* **ABOUT THIS TASK**: Below are some entries. Transcribe the lines from the one holding "Water Cooled Combining" to the one holding "MAROL Leder Fersenschutz", inclusive, but not the pictures among them.

* **SOURCE MATERIAL**:
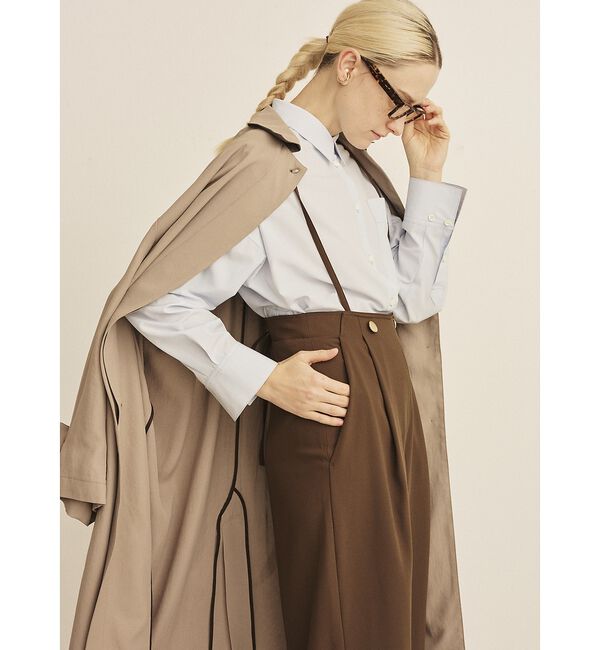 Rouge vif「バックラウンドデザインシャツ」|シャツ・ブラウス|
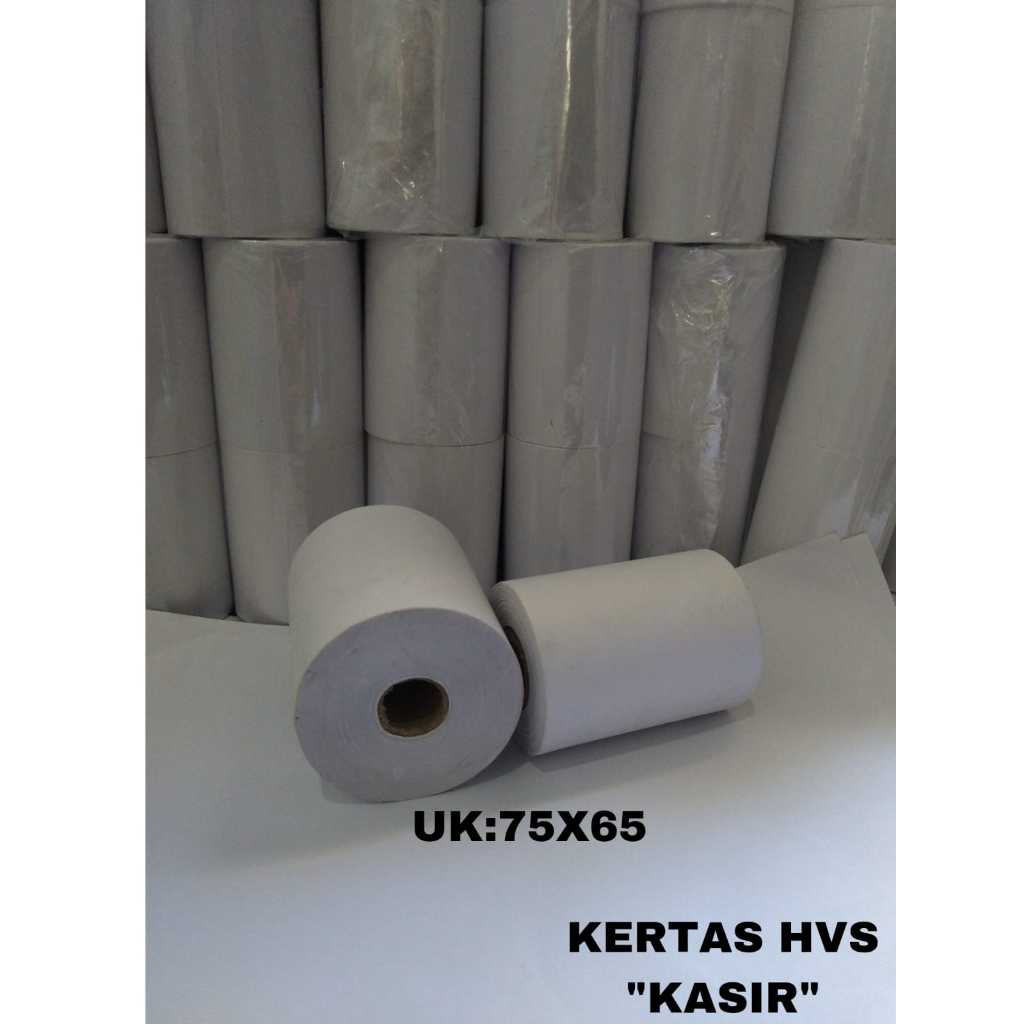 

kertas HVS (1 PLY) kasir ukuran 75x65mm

--

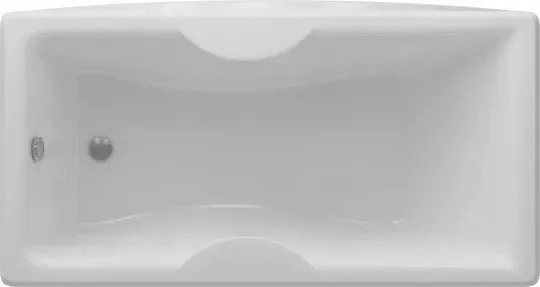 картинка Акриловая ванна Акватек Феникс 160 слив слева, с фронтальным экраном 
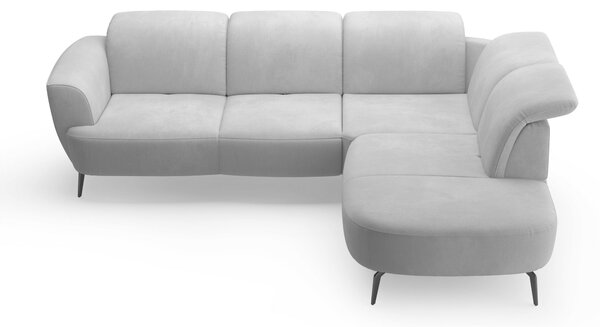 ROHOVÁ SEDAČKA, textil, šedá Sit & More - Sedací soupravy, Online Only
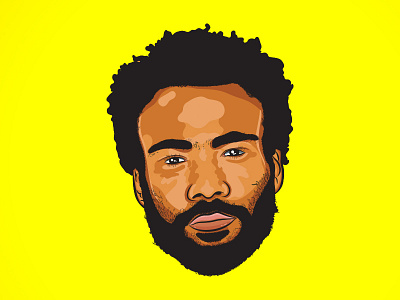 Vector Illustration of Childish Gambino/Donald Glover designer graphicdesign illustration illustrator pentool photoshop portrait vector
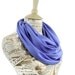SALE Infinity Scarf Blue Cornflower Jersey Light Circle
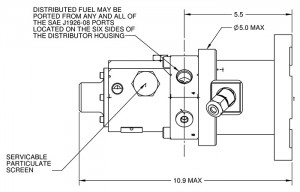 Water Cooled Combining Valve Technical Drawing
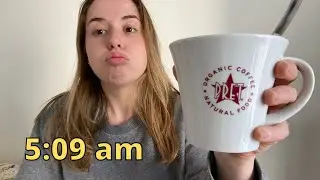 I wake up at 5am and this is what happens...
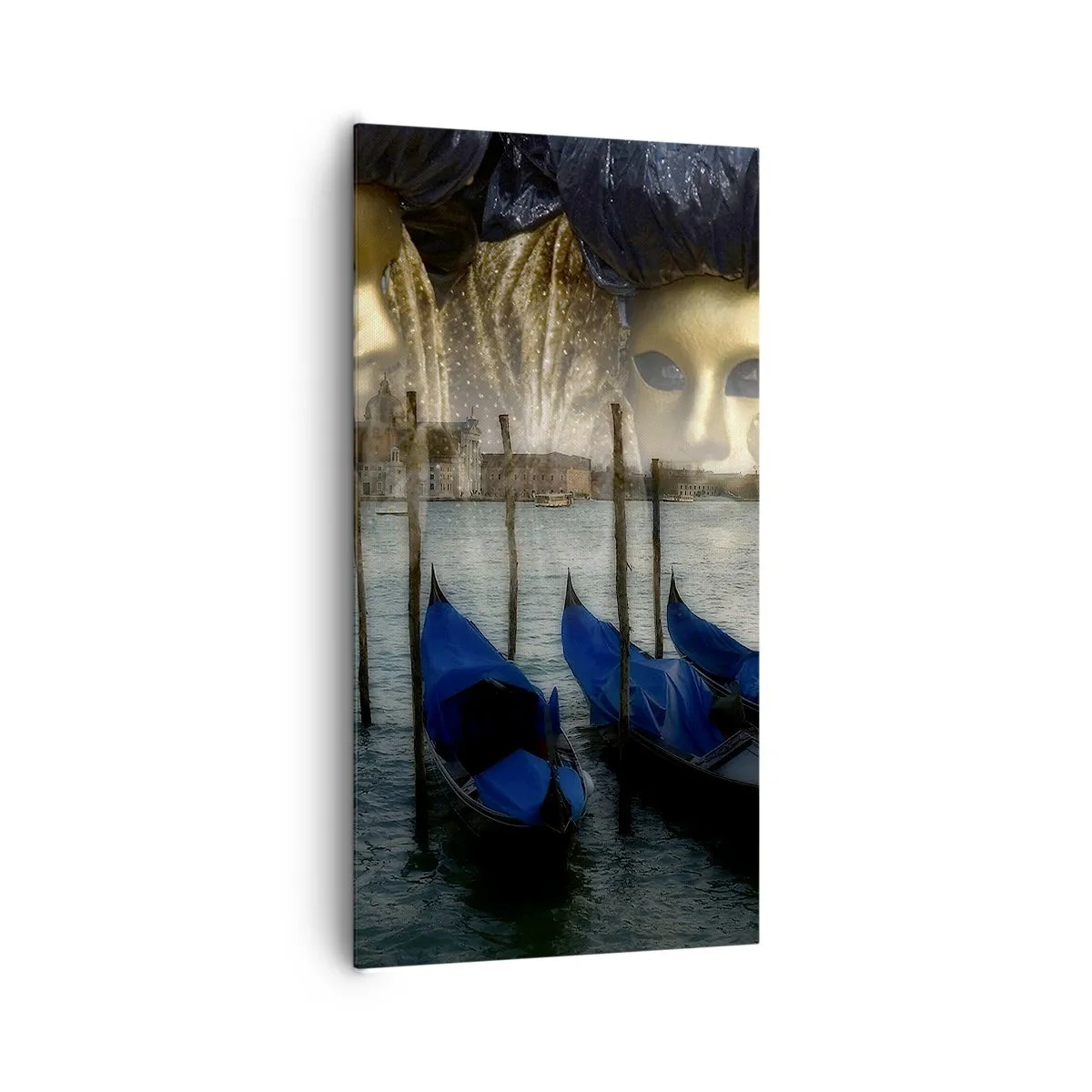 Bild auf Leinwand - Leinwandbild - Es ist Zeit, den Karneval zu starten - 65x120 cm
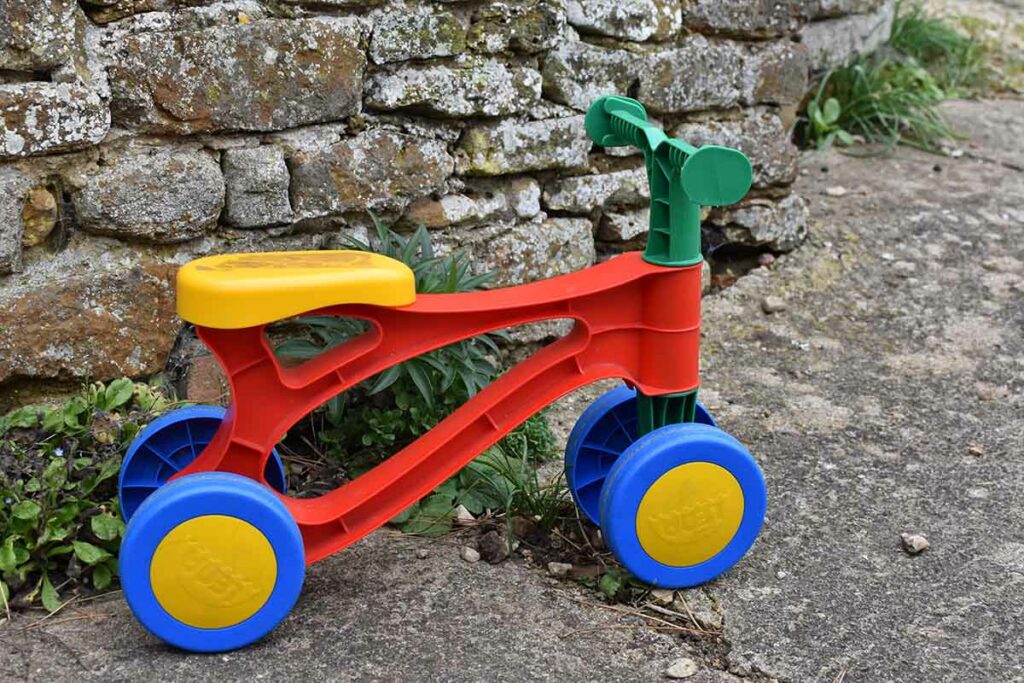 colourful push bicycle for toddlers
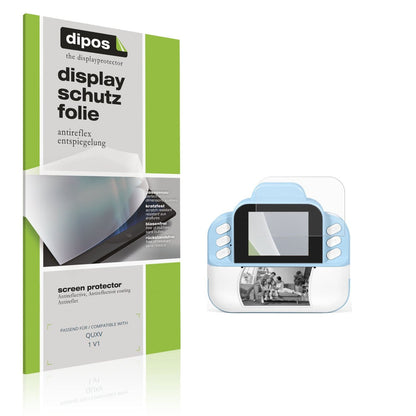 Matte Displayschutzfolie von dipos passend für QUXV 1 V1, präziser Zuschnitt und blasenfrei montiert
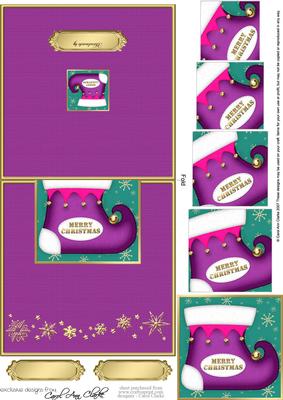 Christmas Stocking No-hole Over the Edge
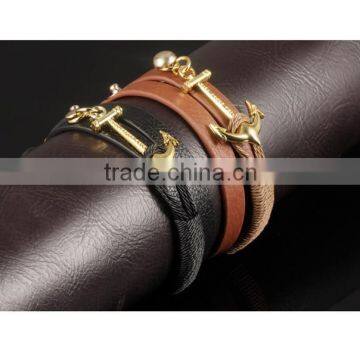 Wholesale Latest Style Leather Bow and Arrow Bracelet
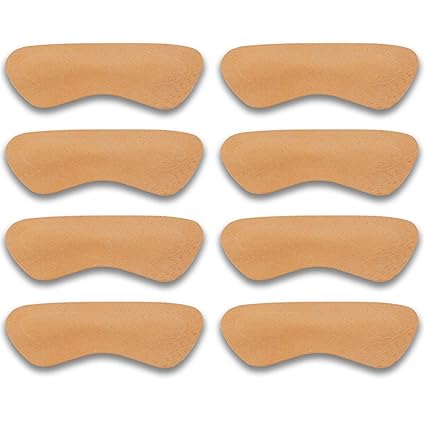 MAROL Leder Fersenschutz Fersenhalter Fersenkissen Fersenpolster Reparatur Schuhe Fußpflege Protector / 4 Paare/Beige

==

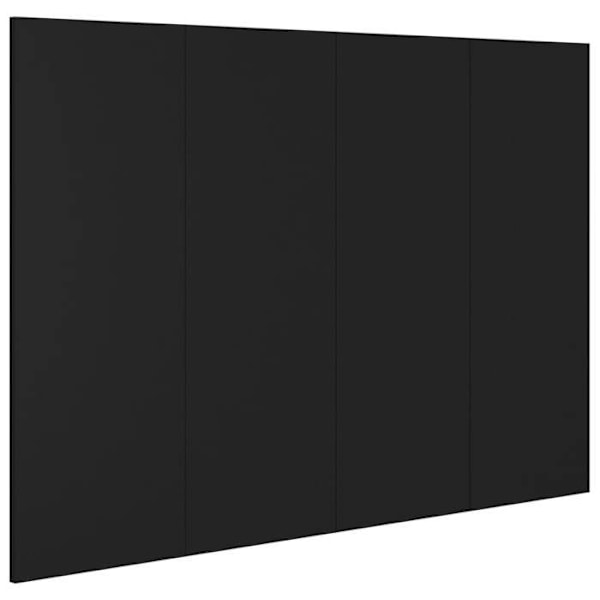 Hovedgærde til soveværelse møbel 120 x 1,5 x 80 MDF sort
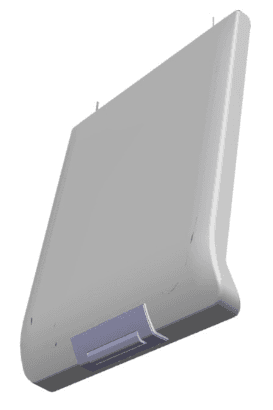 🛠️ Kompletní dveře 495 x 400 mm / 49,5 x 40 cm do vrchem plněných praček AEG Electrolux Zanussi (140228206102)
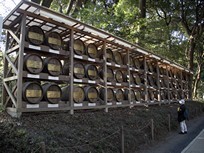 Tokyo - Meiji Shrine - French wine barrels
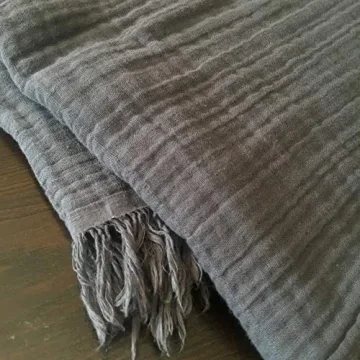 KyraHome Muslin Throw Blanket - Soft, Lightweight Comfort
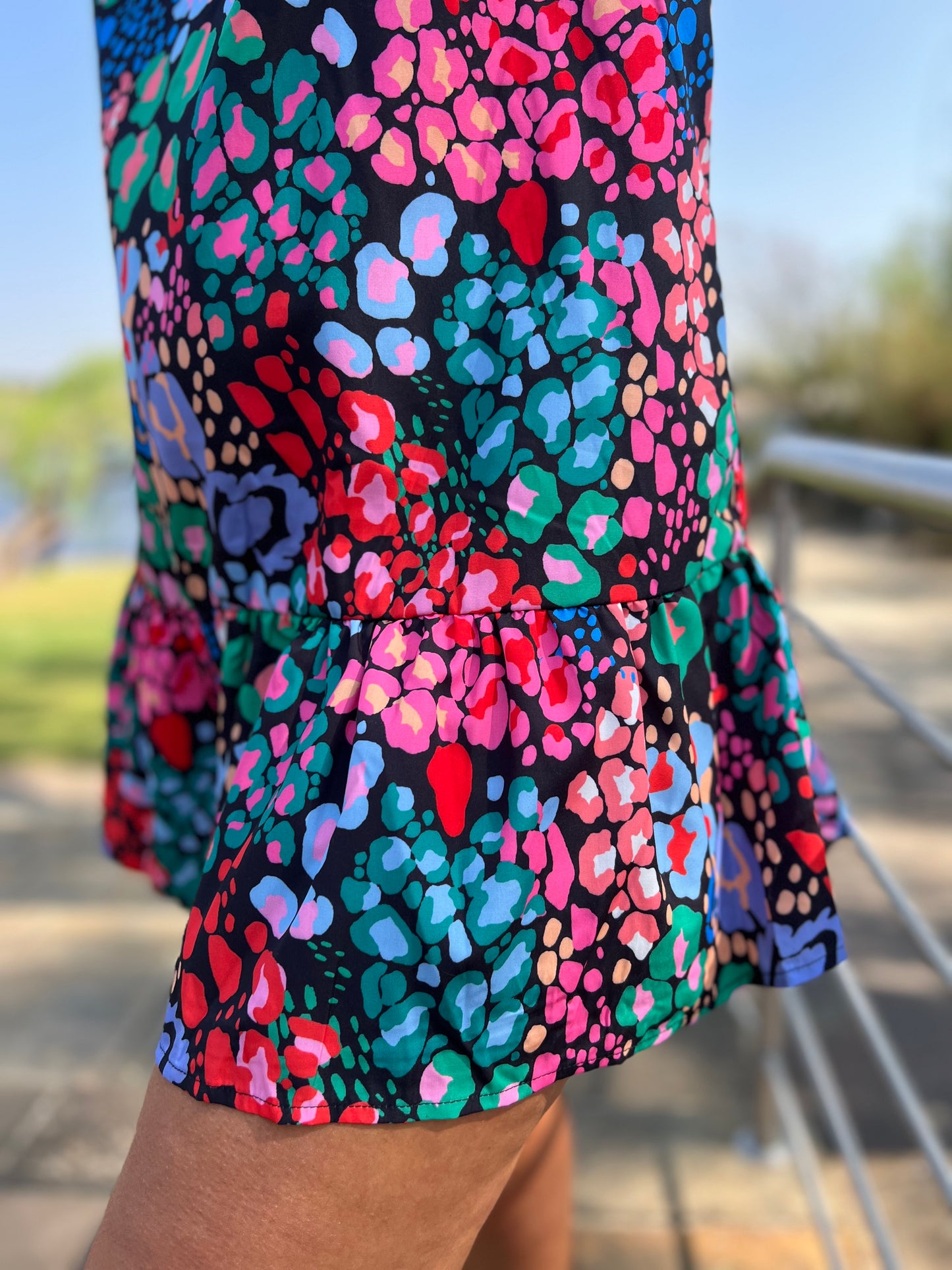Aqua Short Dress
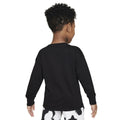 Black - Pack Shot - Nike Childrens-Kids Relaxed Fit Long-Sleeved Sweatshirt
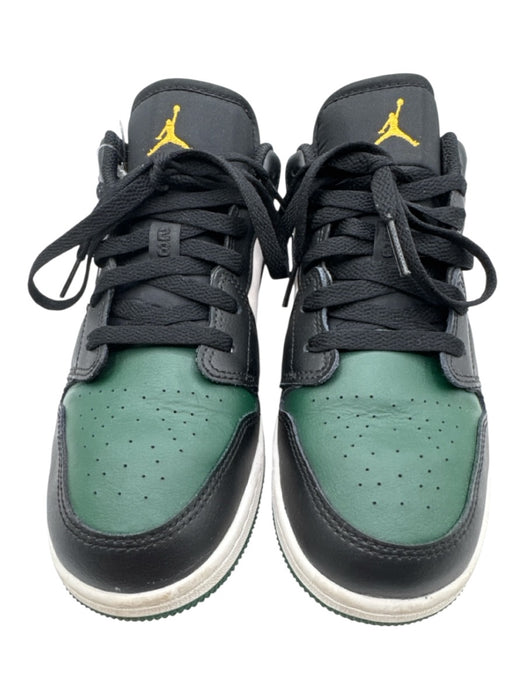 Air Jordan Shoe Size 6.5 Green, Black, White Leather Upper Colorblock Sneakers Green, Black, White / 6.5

* **ANSWER TO THE PROBLEM**:
 Water Cooled Combining Valve Technical Drawing
 I wake up at 5am and this is what happens...
 Bild auf Leinwand - Leinwandbild - Es ist Zeit, den Karneval zu starten - 65x120 cm
 colourful push bicycle for toddlers
 Matte Displayschutzfolie von dipos passend für QUXV 1 V1, präziser Zuschnitt und blasenfrei montiert
 Christmas Stocking No-hole Over the Edge
 Wholesale Latest Style Leather Bow and Arrow Bracelet
 MAROL Leder Fersenschutz Fersenhalter Fersenkissen Fersenpolster Reparatur Schuhe Fußpflege Protector / 4 Paare/Beige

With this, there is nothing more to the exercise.